Chi si recherà alle urne domenica 8 giugno dalle 7:00 alle 23:00 e lunedì 9 giugno dalle 7:00 alle 15:00 riceverà in mano cinque schede: le prime quattro (verde, arancione, grigia, rossa) riguarderanno l’abrogazione del decreto legislativo n. 23 del 2015, meglio noto come Jobs Act, che ha introdotto nell’ordinamento il Contratto a Tutele Crescenti (CATUC), nella parte riguardante la disciplina dei licenziamenti illegittimi nelle imprese con più di 15 dipendenti (quesito n.1); l’abrogazione parziale delle norme sui licenziamenti e le relative indennità nelle piccole imprese (quesito n.2), oltre che di norme in materia di contratti di lavoro a tempo determinato, inclusi durata massima e condizioni per proroghe e rinnovi (quesito n.3) e infine l’abrogazione delle disposizioni che escludono la responsabilità solidale del committente, dell’appaltatore e del subappaltatore per infortuni subiti dai lavoratori dipendenti di imprese appaltatrici o subappaltatrici (quesito n.4). Verrà poi consegnata un’ultima scheda, di colore giallo, relativa al tema della cittadinanza.
Ma facciamo un passo indietro. Tre sono le tipologie di referendum previste dall’ordinamento giuridico italiano. Vi è il referendum consultivo, con il quale si chiede ai cittadini un parere su proposte di legge o politiche pubbliche. Questa tipologia referendaria non è vincolante e non richiede alcun quorum. Vi è poi il referendum costituzionale confermativo (art. 138 Cost.) con cui si conferma o respinge una legge di revisione costituzionale, che sia stata approvata con maggioranza inferiore ai 2/3. Trattandosi della conferma di una legge sulla quale il Parlamento ha già deliberato a favore, non è richiesto un quorum di partecipazione. Vi è, infine, il referendum abrogativo, con il quale si abroga in tutto in parte una legge o un atto avente forza di legge (decreti legge e decreti legislativi). In questo caso è richiesto un doppio quorum: un quorum qualitativo, ovvero l’ottenimento della maggioranza dei voti favorevoli, e uno quantitativo, secondo il quale, perché il referendum sia valido e quindi produca l’effetto abrogativo, occorre che si esprima il 50% più uno degli aventi diritto di voto. Questo è il caso di tutti e cinque i quesiti che ci verranno sottoposti tra pochi giorni: quesiti che richiedono il raggiungimento di entrambi i quorum (qualitativo e quantitativo) e che produrranno, in caso di esito positivo, un effetto abrogativo.
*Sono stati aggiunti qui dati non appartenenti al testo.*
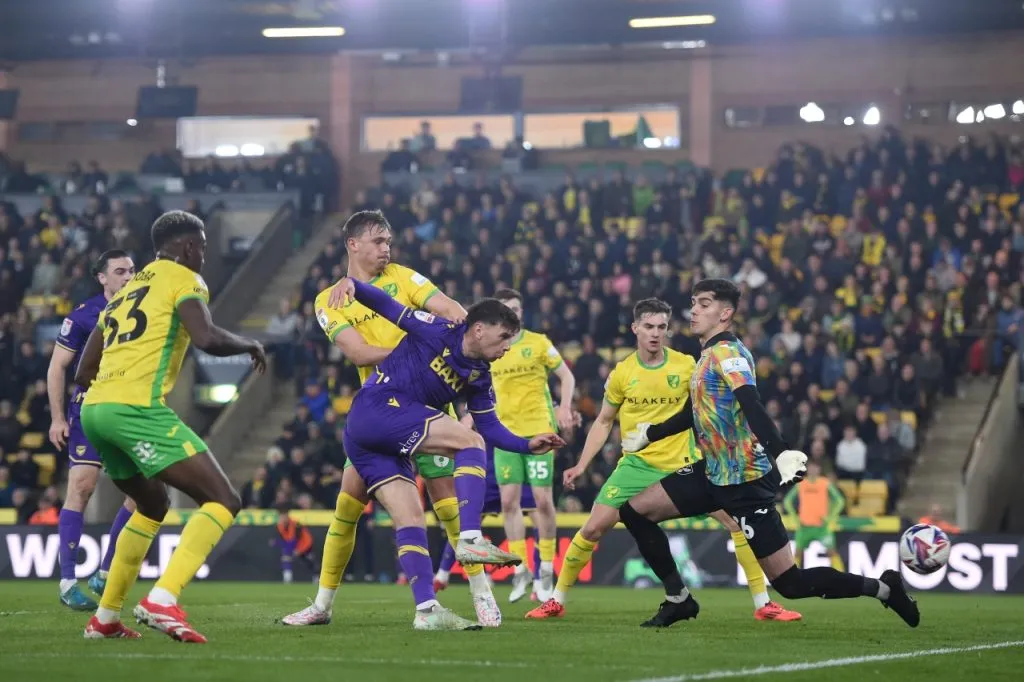 El momento en que Vicente Reyes recibió gol en su debut con Norwich (Getty Images)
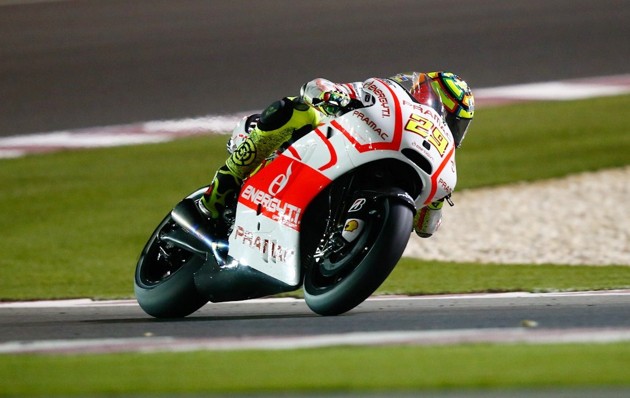 Gambar Foto Andrea Iannone Finish di Posisi ke-9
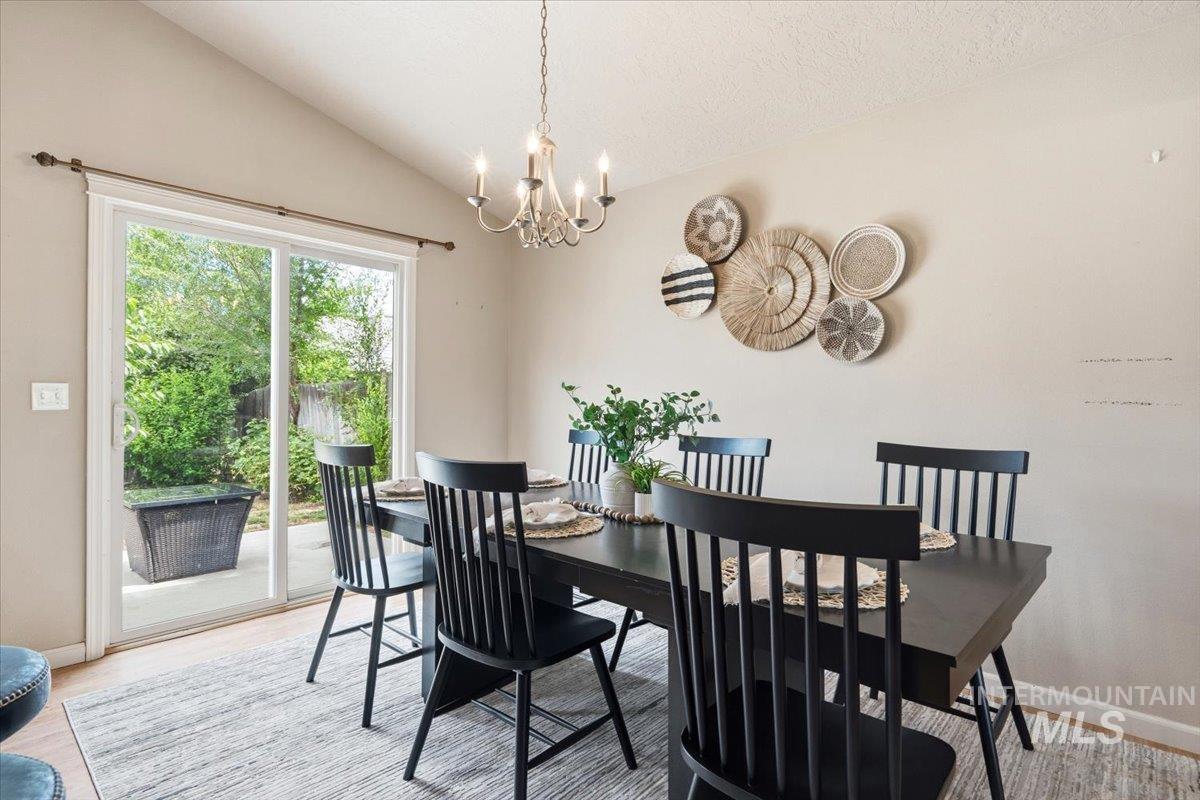 10110 W Holt, Boise, Idaho 83704, 3 Bedrooms, 2 Bathrooms, Residential For Sale, Price $420,000, 98992741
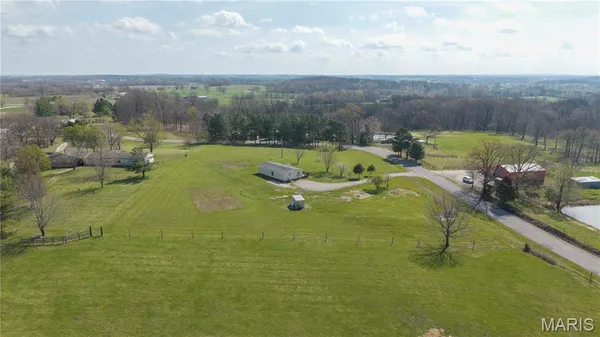 $160,000 | 423 County Road 451, Oak Ridge, MO 63769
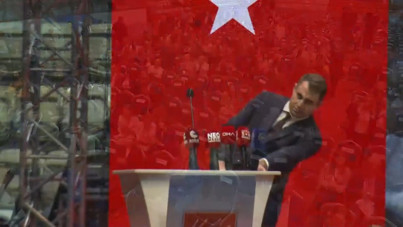 CHP İzmir kongresinde Çağatay Güç konuşmasının ardından yere yığıldı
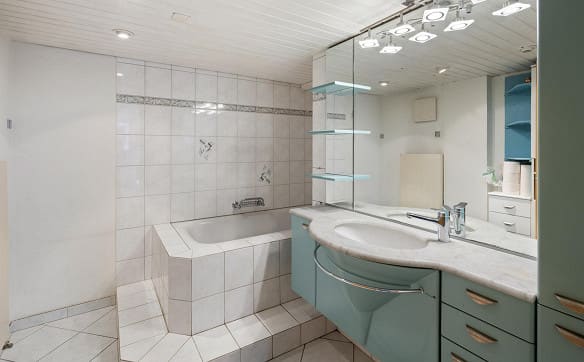 Immobilie in Auslikon - ECKHAUS MIT SEE- UND BERGSICHT SOWIE GROSSZÜGIGEM PLATZANGEBOT - Bild 6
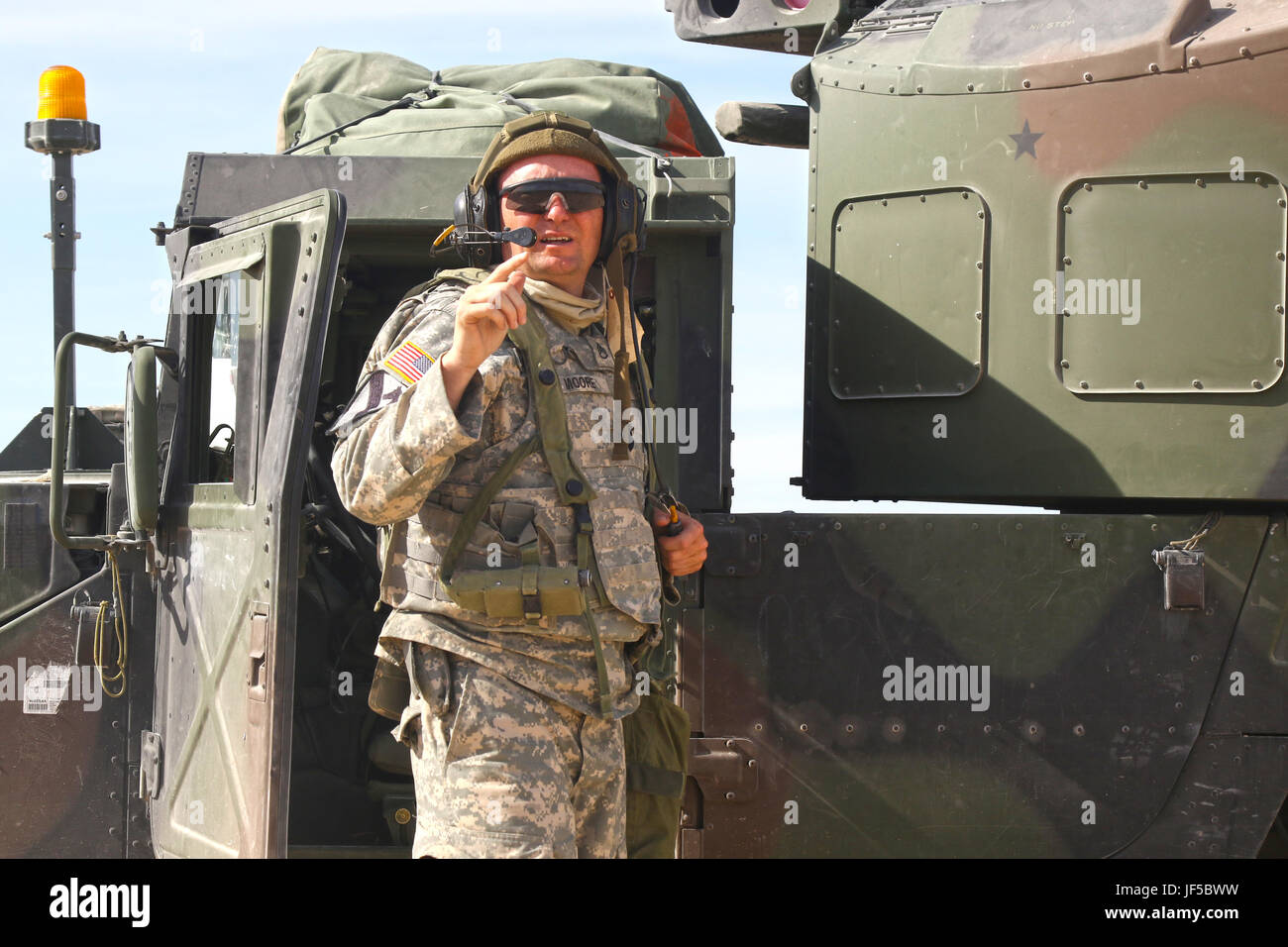 Staff Sgt Christopher Reeves, der Teamchef für Batterie A, 1. Bataillon, 204. Luft-Verteidigung-Artillerie-Regiment, teilt seine Bewegung Pläne über das Radio mit seinem Schütze in ihre Flugabwehrsystem Avenger 29. Mai 2017 im National Training Center in Fort Irwin, Kalifornien. Das Duo stellt Luft-Verteidigung-Abdeckung zur Verfügung, während das Bataillon während des Trainings ihre Einsatzzentrale einrichtet. (Mississippi National Guard Foto von Spc. Justin Humphreys, 102d Public Affairs-Abteilung) Stockfoto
Vediamo ora nel dettaglio il caso del referendum riguardante la cittadinanza. Intitolato “Cittadinanza italiana: Dimezzamento da 10 a 5 anni dei tempi di residenza legale in Italia dello straniero maggiorenne extracomunitario per la richiesta di concessione della cittadinanza italiana” e seguito dalla domanda «Volete voi abrogare l’articolo 9, comma 1, lettera b), limitatamente alle parole ’adottato da cittadino italiano’ e ’successivamente alla adozione’; nonché la lettera f), recante la seguente disposizione: ’f) allo straniero che risiede legalmente da almeno dieci anni nel territorio della Repubblica’, della legge 5 febbraio 1992, n. 91, recante ’Nuove norme sulla cittadinanza’?», il quesito può risultare molto complesso.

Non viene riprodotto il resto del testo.